Vittorio Rossi’s play showcases artistic vision and conflict

Packed full of bright characters and big personalities, The Envelope was a wonderful glimpse into the life of theatre and film industry workers.

The premiere at the Centaur Theatre was a firecracker of a show. The play is Montreal playwright and director Vittorio Rossi’s 10th to be produced at the Centaur, opening on March 26th to a full house with an energetic crowd.

It is never easy, in theatre, to make the audience feel as though they’re peering in on a private moment. Yet, that is exactly what Rossi did with The Envelope, providing the audience with that feeling of trust, intimacy, and secrecy.

Vittorio Rossi’s premiere of The Envelope featured an array of colorful and conniving film industry professionals.
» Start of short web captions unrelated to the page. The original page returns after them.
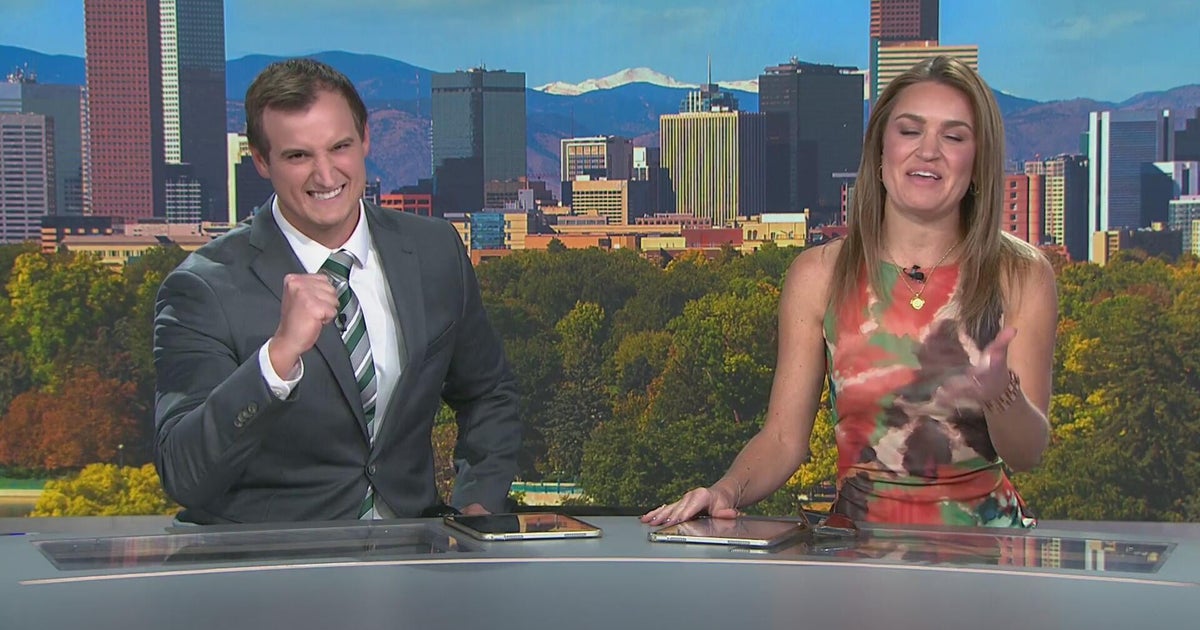Fall is coming in Colorado, cooler temperatures are expected in Denver.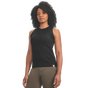 Women Relaxed Rubbed Tank - 107481 N04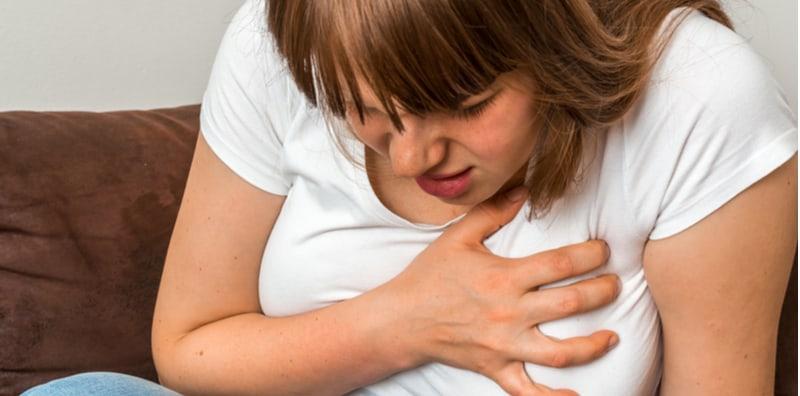 Sakit Payudara Lepas Kemalangan, Adakah Petanda Kanser? Ini 3 Penjelasan Lain Selain Barah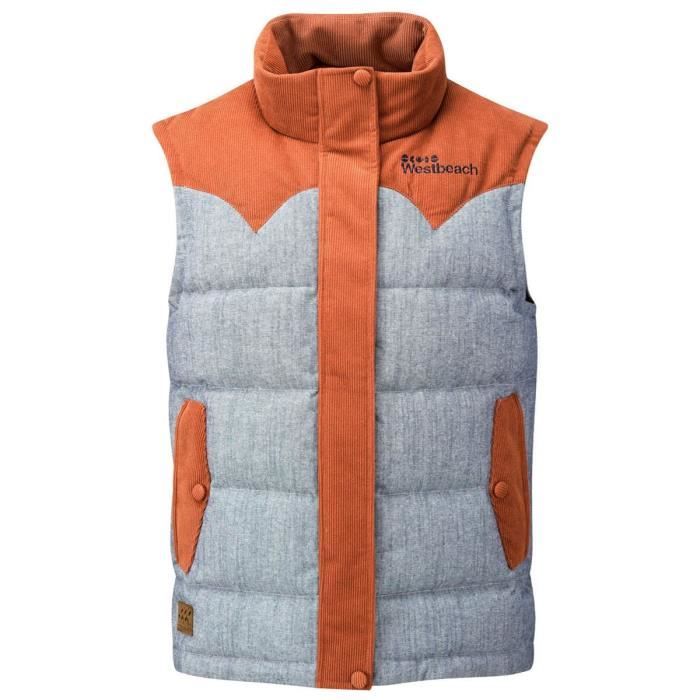 Gilet WESTBEACH Haro Vest Indigo 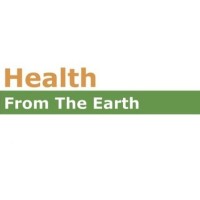 Health From The Earth logo, Health From The Earth contact details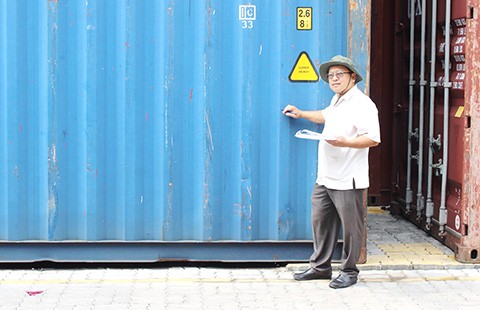 Lật lại vụ ‘nhập gỗ lậu’ đình đám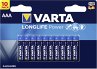20x10 Varta Longlife Power Micro AAA LR... - Bild 1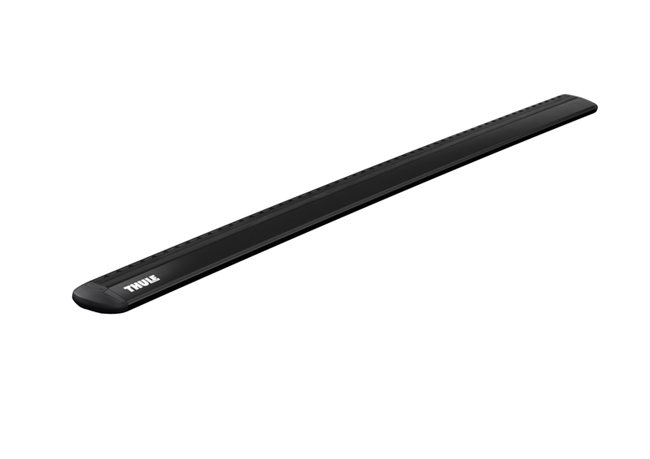 Thule Wingbar Evo 127 cm tagbøjle 2-pak i sort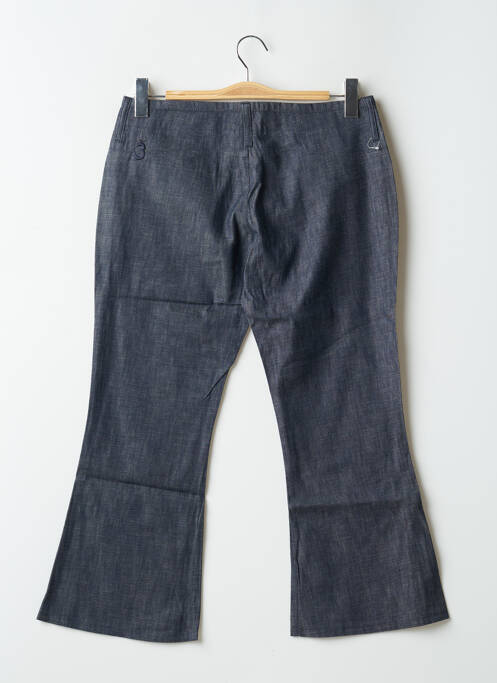 Jeans bootcut bleu BE YOU K pour femme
This play centres around an Italian playwright, who is considering two offers for the film rights to his newest play, Romeo Rises. One offer is from a Canadian filmmaker who can give him a large amount of money up front. In Rossi’s world, the Canadian film industry is somewhat notorious for taking original scripts and twisting them into something different from the playwright’s intentions. The counter-offer is from an indie filmmaker in Los Angeles who can’t offer the same budget, but has connections to large companies and the potential for bigger audiences.
The set consisted of a cozy Italian restaurant and the street that runs in front of it. The restaurant was warm, beautifully decorated, and felt familiar. The lighting design, as it always seems to be at the Centaur, was exquisite. It created a welcoming vibe in the restaurant as well as a delicate evening glow in the street.

The characters in the show were lively and captivating, but two actors in particular stood out in this performance. Tony Calabretta, who played restaurant owner Franco, portrayed a down-to-earth, no-nonsense Italian man who came across very honestly. Calabretta’s energy and passion really brought the character to life.
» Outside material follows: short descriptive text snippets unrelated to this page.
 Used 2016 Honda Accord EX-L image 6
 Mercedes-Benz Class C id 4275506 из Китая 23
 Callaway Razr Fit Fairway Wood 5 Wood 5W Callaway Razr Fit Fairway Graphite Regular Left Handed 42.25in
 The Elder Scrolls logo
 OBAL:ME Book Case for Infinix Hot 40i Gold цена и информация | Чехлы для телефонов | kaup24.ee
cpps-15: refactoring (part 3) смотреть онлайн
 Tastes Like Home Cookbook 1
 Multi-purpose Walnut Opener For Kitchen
The other bright point in the cast was Shawn Campbell, who played Andrew, one of the actors in Romeo Rises. Andrew’s character is a pretty typical stage actor (“ac-TOR!” as is said in the play) who loves his work, complains about everything, and adores himself. Campbell brought so much to the role without overdoing it. Everything from the way he walked, the way he interacted with other characters, and the way he shaped his words was perfectly placed. He managed to make Andrew a fun character without being so conceited that the audience was unavoidably annoyed with him.

The script itself was quite well-written. The language sparkled throughout the show, and the exchanges between characters were conversational and genuine. Rossi also wove some things into the script to make it self-aware but, again, without overdoing it. The playwright character makes reference to the set he envisions for the play Romeo Rises, which consists of an Italian restaurant with a visible street in front (sound familiar?)

The Envelope is a fascinating view of the professional art world. It’s a must-see for anyone who is interested in the Canadian film industry or aspires to work professionally in any art business. The show asks a lot of questions about the way our country supports its artists, and that’s an important message that should be heard.

The Envelope is being staged at the Centaur theatre until April 19th.